North Korea threatens to suspend denuclearization talks with the United States, reports say – The Washington Post
Vice Foreign Minister Choe Son Hui said North Korea may also rethink its moratorium on missile launches.
TOKYO — North Korea is considering suspending denuclearization talks with the United States unless Washington changes its stance after the breakdown of a summit meeting in Hanoi between President Trump and North Korean leader Kim Jong Un, a senior official said Friday.
Kim Jong Un is set to make an official announcement soon on whether to continue diplomatic talks and maintain the country’s moratorium on missile launches and nuclear tests, Vice Foreign Minister Choe Son Hui told foreign diplomats and journalists in Pyongyang, the Associated Press reported.
The threat to suspend talks comes after evidence that North Korea has rebuilt a satellite rocket launchpad, and amid speculation it might be preparing a rocket launch, a move that would seen as very provocative in Washington.
Choe said North Korea was deeply disappointed by the breakdown of the talks in Hanoi and said the United States had missed a golden opportunity there.
She said Pyongyang now has no intention of compromising or continuing talks unless the United States changes its “political calculation,” and takes measures that are commensurate with the steps North Korea has already taken, such as the 15-month moratorium on launches and tests, AP reported.
“On our way back to the homeland, our chairman of the state affairs commission said. ‘For what reason do we have to make this train trip again?’” she said, referring to Kim.
“I want to make it clear that the gangster-like stand of the U.S. will eventually put the situation in danger,” she added. “We have neither the intention to compromise with the U.S. in any form nor much less the desire or plan to conduct this kind of negotiation.”
At the summit, Kim offered a partial shutdown of the Yongbyon Nuclear Research complex, where a large part of North Korea’s fissile material is produced, in return for lifting almost all the meaningful economic sanctions on his country, U.S. officials say.

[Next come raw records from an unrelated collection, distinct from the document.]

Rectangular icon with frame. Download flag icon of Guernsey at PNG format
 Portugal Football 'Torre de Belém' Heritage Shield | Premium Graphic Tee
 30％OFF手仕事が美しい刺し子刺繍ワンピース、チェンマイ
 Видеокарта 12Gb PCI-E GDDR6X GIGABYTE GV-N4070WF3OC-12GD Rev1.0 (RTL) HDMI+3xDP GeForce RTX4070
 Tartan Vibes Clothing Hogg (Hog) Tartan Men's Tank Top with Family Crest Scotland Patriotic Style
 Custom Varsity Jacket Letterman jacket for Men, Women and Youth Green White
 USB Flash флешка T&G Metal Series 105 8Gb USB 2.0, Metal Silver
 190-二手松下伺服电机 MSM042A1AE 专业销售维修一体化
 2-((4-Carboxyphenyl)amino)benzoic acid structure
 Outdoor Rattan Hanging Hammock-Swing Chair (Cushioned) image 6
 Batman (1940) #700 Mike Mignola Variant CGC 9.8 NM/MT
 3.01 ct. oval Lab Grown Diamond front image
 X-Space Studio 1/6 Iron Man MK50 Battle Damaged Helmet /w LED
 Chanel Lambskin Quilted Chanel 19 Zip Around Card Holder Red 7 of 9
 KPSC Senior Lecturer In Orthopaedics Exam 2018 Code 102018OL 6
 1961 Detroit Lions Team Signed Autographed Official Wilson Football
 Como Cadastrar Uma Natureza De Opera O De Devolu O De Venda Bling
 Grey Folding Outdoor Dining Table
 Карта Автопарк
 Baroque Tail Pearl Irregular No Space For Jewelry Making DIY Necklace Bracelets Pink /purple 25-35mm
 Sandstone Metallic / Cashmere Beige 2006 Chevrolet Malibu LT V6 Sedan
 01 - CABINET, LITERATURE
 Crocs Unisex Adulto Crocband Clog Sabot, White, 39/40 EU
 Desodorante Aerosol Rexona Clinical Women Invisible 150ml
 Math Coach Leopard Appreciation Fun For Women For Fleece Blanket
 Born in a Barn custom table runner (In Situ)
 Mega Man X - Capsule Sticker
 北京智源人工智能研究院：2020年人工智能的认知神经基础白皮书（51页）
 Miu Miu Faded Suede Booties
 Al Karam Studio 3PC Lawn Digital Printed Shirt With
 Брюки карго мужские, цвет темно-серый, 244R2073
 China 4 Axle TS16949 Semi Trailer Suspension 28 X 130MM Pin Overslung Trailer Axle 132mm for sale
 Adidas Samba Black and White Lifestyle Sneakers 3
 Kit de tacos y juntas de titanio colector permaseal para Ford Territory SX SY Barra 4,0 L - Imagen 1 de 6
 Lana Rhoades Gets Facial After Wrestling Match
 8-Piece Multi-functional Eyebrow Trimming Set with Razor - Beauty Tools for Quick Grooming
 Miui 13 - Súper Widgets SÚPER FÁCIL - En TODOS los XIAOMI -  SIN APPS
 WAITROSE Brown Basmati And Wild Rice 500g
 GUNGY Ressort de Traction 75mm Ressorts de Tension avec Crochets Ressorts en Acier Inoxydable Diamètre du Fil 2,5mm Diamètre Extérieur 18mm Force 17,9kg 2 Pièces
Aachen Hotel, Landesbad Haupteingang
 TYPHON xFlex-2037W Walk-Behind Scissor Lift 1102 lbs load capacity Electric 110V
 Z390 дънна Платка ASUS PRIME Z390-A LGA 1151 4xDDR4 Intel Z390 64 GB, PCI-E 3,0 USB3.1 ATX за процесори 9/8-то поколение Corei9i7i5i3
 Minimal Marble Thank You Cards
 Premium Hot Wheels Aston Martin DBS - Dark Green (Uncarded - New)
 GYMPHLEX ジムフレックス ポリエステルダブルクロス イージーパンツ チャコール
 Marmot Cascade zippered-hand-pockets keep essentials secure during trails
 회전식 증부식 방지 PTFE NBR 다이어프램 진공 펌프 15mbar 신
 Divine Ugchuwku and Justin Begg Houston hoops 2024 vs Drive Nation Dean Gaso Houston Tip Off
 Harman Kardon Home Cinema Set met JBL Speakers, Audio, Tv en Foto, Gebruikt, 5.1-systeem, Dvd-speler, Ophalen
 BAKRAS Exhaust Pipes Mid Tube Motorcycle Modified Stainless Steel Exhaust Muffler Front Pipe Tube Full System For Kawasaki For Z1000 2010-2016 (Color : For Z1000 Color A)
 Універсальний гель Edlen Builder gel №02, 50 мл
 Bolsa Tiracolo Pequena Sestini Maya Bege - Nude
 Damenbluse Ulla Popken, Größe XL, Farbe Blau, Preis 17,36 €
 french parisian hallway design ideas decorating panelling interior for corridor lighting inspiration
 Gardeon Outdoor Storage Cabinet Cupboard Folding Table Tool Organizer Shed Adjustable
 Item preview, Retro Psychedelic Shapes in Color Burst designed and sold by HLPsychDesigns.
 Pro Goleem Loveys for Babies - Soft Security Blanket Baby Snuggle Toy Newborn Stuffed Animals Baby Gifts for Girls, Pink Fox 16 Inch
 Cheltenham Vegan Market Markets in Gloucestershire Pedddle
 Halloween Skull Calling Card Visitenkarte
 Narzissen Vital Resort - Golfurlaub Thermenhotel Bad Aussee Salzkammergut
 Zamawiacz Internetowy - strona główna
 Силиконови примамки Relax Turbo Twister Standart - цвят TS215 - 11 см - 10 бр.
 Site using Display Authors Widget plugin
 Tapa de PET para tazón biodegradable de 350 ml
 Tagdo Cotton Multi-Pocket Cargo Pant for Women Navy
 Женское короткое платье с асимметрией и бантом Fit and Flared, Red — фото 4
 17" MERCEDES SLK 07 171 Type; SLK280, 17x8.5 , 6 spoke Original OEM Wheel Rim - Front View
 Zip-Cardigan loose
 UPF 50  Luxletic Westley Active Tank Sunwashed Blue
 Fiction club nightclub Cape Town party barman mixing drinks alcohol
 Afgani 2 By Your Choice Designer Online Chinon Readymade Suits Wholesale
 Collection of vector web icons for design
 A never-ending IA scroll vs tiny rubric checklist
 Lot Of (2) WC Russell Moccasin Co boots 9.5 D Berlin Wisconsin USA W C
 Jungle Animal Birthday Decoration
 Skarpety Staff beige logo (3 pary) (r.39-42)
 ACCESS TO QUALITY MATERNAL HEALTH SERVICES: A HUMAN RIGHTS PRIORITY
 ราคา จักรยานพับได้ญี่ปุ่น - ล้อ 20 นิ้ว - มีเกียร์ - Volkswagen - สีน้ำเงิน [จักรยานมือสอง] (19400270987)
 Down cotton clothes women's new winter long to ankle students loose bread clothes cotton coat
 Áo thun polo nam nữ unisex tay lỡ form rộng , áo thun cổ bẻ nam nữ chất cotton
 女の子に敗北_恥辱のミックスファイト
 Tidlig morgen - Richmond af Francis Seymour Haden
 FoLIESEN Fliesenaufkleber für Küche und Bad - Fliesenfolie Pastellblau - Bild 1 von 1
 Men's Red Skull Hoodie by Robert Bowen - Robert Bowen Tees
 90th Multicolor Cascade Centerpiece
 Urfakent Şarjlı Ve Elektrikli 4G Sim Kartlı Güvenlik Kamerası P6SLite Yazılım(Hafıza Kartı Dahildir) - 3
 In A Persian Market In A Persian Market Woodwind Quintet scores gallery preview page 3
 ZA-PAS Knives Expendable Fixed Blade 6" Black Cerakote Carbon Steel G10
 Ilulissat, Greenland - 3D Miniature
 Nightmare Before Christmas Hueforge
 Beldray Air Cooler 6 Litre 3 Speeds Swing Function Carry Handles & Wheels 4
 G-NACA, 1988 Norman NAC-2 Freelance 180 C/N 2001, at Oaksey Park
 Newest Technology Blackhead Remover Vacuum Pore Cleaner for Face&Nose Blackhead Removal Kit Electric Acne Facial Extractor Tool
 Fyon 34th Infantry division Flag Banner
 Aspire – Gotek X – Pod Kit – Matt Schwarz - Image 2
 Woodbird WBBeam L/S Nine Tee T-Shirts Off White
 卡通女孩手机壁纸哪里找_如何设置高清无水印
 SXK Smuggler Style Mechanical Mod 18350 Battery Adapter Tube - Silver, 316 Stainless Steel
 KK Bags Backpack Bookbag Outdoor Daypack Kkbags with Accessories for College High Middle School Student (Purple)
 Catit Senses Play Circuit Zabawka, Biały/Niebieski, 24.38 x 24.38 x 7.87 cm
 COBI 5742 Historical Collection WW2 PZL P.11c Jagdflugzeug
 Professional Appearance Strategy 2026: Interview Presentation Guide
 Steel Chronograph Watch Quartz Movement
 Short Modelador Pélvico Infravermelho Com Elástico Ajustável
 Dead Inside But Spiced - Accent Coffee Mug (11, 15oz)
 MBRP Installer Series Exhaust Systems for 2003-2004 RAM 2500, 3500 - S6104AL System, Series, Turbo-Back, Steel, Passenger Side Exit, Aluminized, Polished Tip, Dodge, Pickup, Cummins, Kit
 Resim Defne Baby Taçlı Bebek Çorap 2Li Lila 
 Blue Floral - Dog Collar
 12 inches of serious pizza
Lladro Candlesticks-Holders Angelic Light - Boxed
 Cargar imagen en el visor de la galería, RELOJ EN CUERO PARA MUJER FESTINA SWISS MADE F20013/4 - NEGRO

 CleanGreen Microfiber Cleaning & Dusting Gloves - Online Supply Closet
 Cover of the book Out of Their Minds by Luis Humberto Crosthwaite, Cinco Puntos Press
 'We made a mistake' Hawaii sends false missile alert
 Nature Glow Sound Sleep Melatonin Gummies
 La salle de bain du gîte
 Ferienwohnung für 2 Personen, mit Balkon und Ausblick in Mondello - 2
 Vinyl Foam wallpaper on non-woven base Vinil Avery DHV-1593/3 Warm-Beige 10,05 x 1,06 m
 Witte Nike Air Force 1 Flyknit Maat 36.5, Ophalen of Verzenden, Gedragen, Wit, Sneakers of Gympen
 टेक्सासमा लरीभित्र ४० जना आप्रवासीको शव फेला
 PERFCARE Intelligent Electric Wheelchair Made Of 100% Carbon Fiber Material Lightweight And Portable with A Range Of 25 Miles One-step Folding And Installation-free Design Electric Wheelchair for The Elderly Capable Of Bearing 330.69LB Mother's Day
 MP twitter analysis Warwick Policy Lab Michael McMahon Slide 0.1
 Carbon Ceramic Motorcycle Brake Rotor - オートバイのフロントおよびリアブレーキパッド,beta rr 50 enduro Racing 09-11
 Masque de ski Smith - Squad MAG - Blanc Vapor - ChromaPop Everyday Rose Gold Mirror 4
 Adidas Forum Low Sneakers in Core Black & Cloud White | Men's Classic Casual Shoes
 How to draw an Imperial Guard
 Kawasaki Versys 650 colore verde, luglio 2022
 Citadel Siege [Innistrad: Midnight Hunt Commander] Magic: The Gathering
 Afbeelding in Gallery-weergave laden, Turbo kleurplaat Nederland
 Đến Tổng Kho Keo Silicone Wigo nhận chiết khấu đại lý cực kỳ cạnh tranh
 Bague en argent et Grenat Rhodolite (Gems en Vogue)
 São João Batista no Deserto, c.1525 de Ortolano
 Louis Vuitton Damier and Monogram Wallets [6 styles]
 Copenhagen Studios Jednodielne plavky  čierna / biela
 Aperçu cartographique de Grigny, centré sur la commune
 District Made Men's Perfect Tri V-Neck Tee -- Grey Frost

Trump rejected that deal on the grounds that it would allow Pyongyang to continue producing weapons of mass destruction, effectively financed by the lifting of sanctions. Globally, there was widespread agreement that North Korea was offering too little and demanding too much.
But Trump’s counter-offer was also widely seen as unrealistic. He tried to convince Kim to “go big,” and surrendering his entire arsenal of nuclear, chemical and biological weapons in return for “a bright future” economically.
Choe said Kim was puzzled by what she called the “eccentric” negotiation position of the United States. She also suggested the U.S. position was hardened by the uncompromising demands of Secretary of State Mike Pompeo and national security adviser John Bolton, AP reported.
“Personal relations between the two supreme leaders are still good and the chemistry is mysteriously wonderful,” she said.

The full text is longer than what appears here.